You can specify the context by describing what it should or shouldn't include, and by connecting the model to data sources it should retrieve context from before generating an answer.
Apply model optimization strategies
Note
This section discusses options and considerations for model optimization that you may consider beyond prompt engineering. A full exploration of how to apply these optimization strategies is beyond the scope of this module.

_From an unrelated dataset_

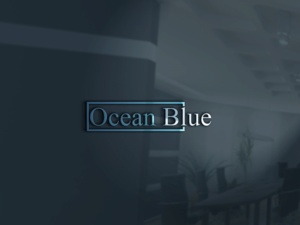 Design de Logo par asman pour Ocean Blue | Design : #15861994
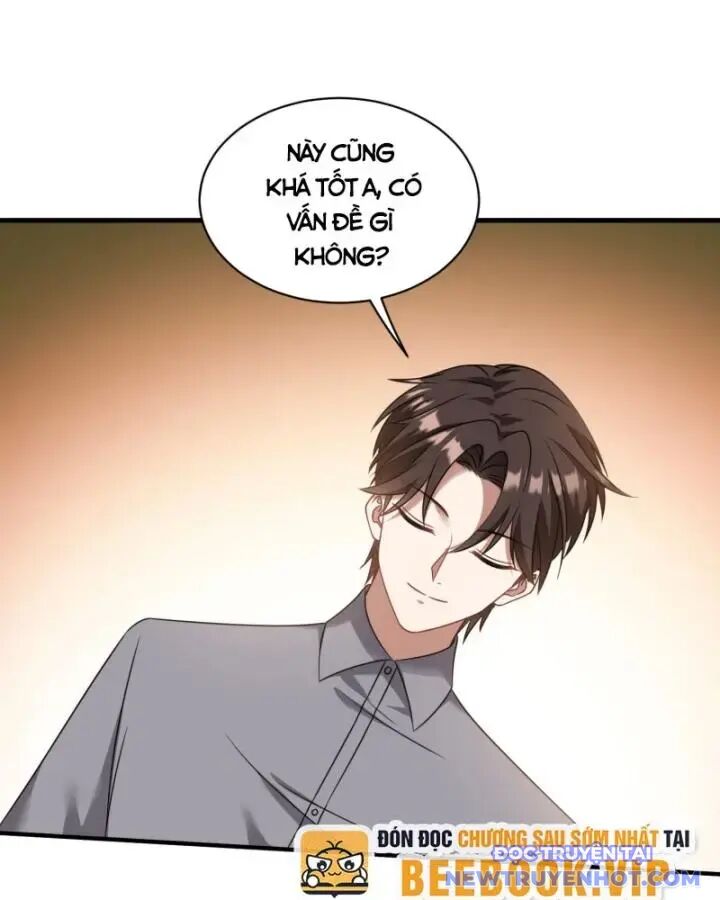 Bỏ Làm Simp Chúa, Ta Có Trong Tay Cả Tỉ Thần Hào Chap 28 - Next Chap 29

Prompt engineering can be an effective way to optimize model responses, but in some cases it may not provide sufficient context or guidance to always meet your exact needs. As a developer, you can consider the following additional optimization strategies to improve the relevance of your generative AI application's responses:
- Retrieval Augmented Generation (RAG): A technique that involves using a data source to provide grounding context to prompts. RAG can be a useful approach when you need the model to answer questions based on a specific knowledge domain or when you need the model to consider information related to events that occurred after the training data on which the model is based.
- Fine-tuning: A technique that involves extending the training of a foundation model by providing example prompts and responses that reflect the desired output format and style.
Both of these approaches involve additional cost, complexity, and maintainability challenges, so as a general rule it's best to start your optimization efforts through prompt engineering, and then consider additional strategies if necessary.
The strategy you should choose as a developer depends on your requirements:
- Optimize for context: When the model lacks contextual knowledge and you want to maximize responses accuracy.
- Optimize the model: When you want to improve the response format, style, or speech by maximizing consistency of behavior.
To optimize for context, you can apply a Retrieval Augmented Generation (RAG) pattern. With RAG, you ground your data by first retrieving context from a data source before generating a response. For example, you want employees to ask questions about expense claim processes and limits based on your own corporation's expenses policy documentation.
When you want the model to respond in a specific style or format, you can instruct the model to do so by adding guidelines in the system message. When you notice the model's behavior isn't consistent, you can further enforce consistency in behavior by fine-tuning a model. With fine-tuning, you train a base language model on a dataset of example prompts and responses before integrating it in your application, with the result that the fine-tuned model will produce responses that are consistent with the examples in the fine-tuning training dataset.
You can use any combination of optimization strategies, for example prompt engineering, RAG and a fine-tuned model, to improve your language application.